Apreciando em detalhe os painéis dispostos por todo o pé direito da sala, percebe-se então por que é que tanta gente ainda diz que “a quarta classe de antigamente era quase um curso secundário inteiro” – com a desvantagem de lanches menos fartos, é certo, mas, como nota Raquel Elvas, com a benesse de “muito mais tempo para brincar”. Nessas telas com traduções brasileiras dos painéis pedagógicos da celebrada marca Deyrolle, está muito do conhecimento empírico que assegura o fluir do quotidiano e que tantas vezes passa despercebido: uns quadros identificam espécies de insectos, mamíferos ou plantas; outros revelam os músculos humanos ou o percurso da circulação sanguínea; há ainda os que listam os princípios de Física envolvidos na acção de uma locomotiva, na iluminação a gás, na cozedura do barro ou na propagação acústica; e há até os que explicam como se produz o “assucar”, como se distinguem ovos de diferentes aves ou que plantas têm aplicação na tinturaria para vestuário.
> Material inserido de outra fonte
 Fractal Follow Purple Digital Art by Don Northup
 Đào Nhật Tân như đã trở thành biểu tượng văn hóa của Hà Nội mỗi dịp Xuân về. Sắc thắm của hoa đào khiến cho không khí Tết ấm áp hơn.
Tudo ali evoca o que a directora do museu define como “uma sala de aula dos tempos da Primeira República” e nos faz desejar voltar à escola outra vez. Novos ou velhos, damos por nós a querer regressar àquelas carteiras de tampo para aprender com mais vontade, para ficar a saber mais e melhor, para iniciar outro rumo de vida, testar como ela correria à segunda tentativa… Se pudéssemos regressar ao passado com a vantagem do conhecimento adquirido, agora saberíamos que ninguém nos estava a enganar quando dizia que aqueles eram mesmo os melhores anos da nossa vida. Agora saberíamos como era uma asneira toda aquela pressa de crescer.